The lines needed are those from the start of the records through the line holding "English Elm UNITED", each copied exactly.

[Collected data]
------
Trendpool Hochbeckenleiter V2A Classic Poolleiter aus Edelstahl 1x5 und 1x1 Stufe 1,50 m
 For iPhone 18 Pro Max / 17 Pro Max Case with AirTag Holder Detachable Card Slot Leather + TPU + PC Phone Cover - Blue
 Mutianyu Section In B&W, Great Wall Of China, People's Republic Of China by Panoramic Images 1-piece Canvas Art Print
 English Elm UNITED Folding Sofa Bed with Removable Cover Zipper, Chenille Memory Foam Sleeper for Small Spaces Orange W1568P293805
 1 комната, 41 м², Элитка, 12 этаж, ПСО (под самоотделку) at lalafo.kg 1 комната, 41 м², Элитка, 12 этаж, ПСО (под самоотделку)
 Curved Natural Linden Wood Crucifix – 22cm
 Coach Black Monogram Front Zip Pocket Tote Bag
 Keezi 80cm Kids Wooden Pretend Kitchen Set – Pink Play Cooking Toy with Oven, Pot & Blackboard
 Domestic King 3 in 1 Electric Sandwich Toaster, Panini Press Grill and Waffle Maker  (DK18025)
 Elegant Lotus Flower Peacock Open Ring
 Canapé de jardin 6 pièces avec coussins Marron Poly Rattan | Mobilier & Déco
------
▶ Solution for this problem:
Trendpool Hochbeckenleiter V2A Classic Poolleiter aus Edelstahl 1x5 und 1x1 Stufe 1,50 m
 For iPhone 18 Pro Max / 17 Pro Max Case with AirTag Holder Detachable Card Slot Leather + TPU + PC Phone Cover - Blue
 Mutianyu Section In B&W, Great Wall Of China, People's Republic Of China by Panoramic Images 1-piece Canvas Art Print
 English Elm UNITED Folding Sofa Bed with Removable Cover Zipper, Chenille Memory Foam Sleeper for Small Spaces Orange W1568P293805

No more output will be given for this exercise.